Sep 16, 2020
Astrology and Magistrates in Early Modern France
- 15:00 to 16:30
- Talk
- Dept. I
- Jean Sanchez
Astrology has been a major feature of the scientific culture of Renaissance. Reasons of its marginalization during the 17th century still remain unclear. Several historians have interpreted it as the consequence of the decline of Aristotelian-Ptolemaic cosmology and of the analogical and symbolical view of the world, associated with the slow mechanization of natural philosophy—i.e., a narrative essentially focusing on the perception of astrology among natural philosophers.
In this talk I would like to develop a more complex narrative to show how – at the beginning of 17th century—astrology has also become an important issue in politics and law, and its legitimacy analyzed through new prisms such as juridical humanism, historical scholarship and positive theology.

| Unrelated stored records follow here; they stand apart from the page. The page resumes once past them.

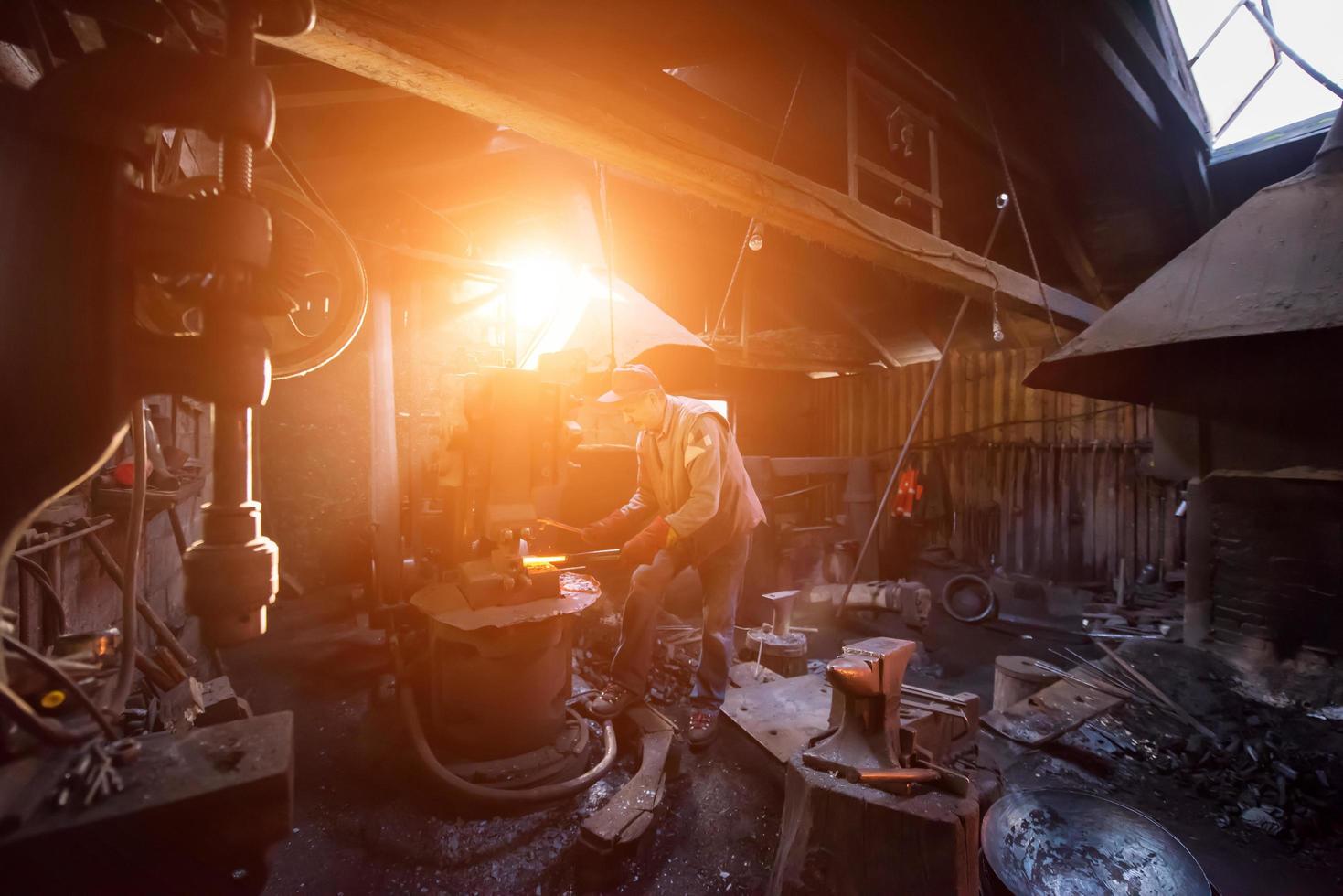 herrero forja manualmente el metal fundido con la luz del sol a través de las ventanas foto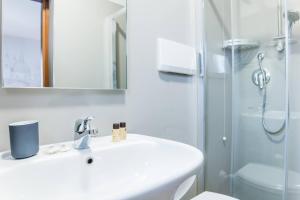 a white bathroom with a sink and a shower at Hotel Cannaregio 2357 in Venice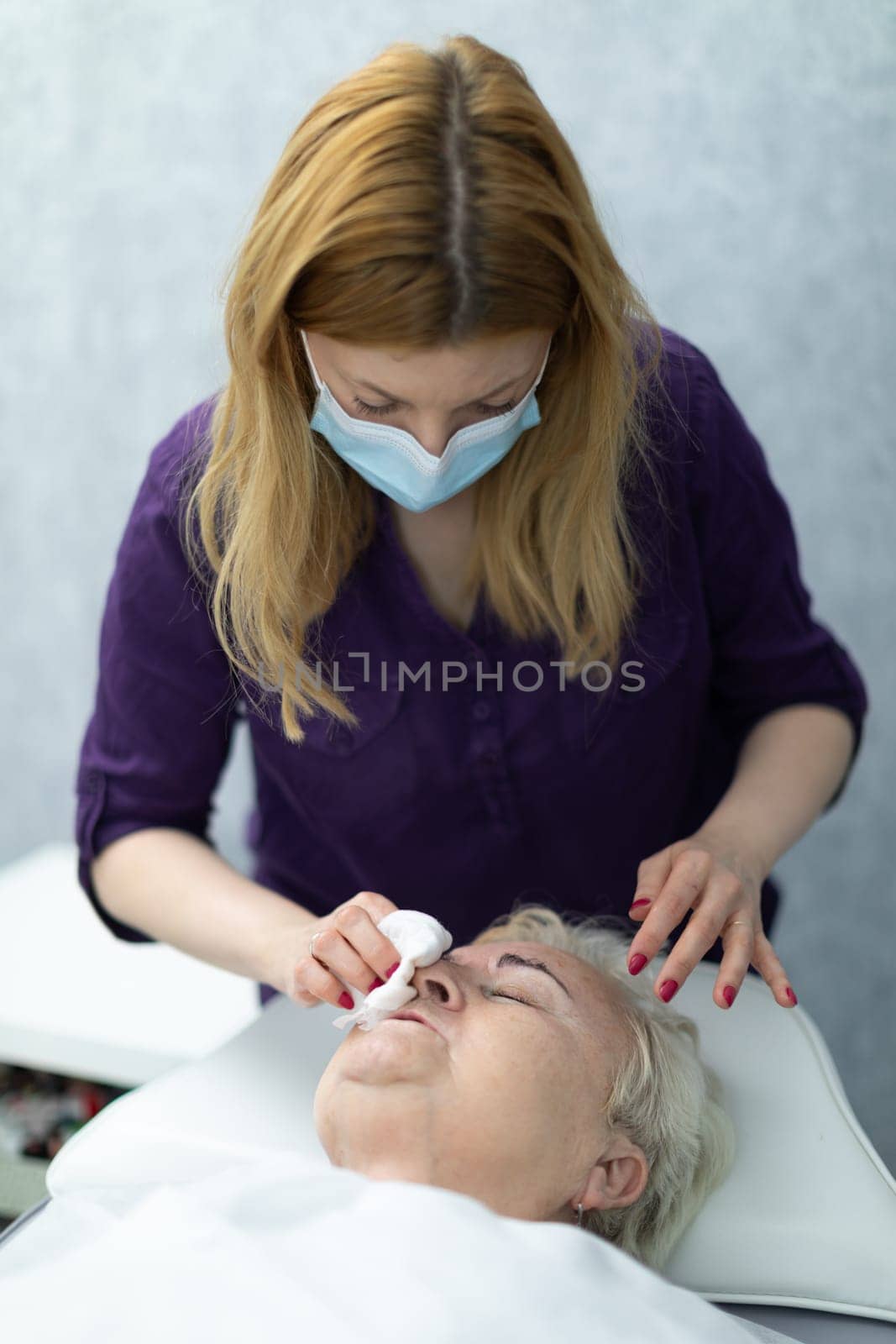 A patient of an aesthetic clinic is lying on a bed and talking to a cosmetologist standing next to her.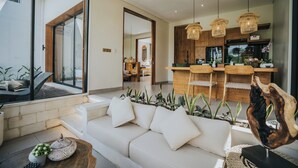 A modern living room with a sofa, a wooden coffee table, and a large window. - Villa Manna Ubud (Ubud)
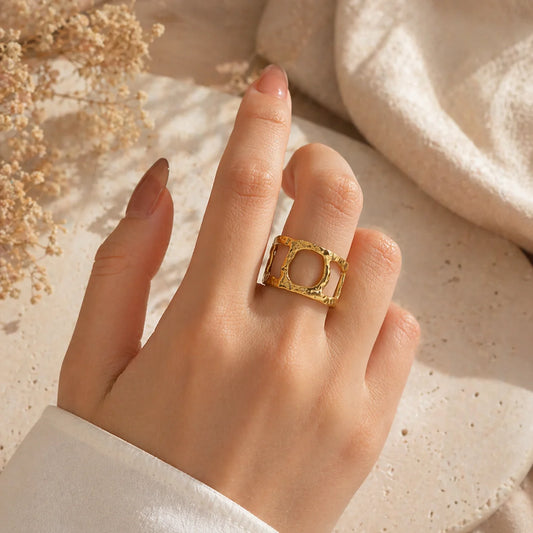 Gold square bezel ring with orange center, ornate raised frame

Through several anti-astrological treatises written by judges, lawyers or counselors between 1580 and 1630, I study how astrology was constructed as a threat against religious and political order in post-Religious-Wars France, and its supervision encouraged by local authorities. I also study how these officials used their own sources, inquiries and conceptual tools to develop new refutations of astrology mixing arguments taken from several disciplines such as philosophy, theology, history and law. In this context, the marginalisation of astrology appears like the achievement of a surprising consensus among intellectual communities which defend conflicting conceptions of science : each of them seeing in astrology the archetype of perverted knowledge.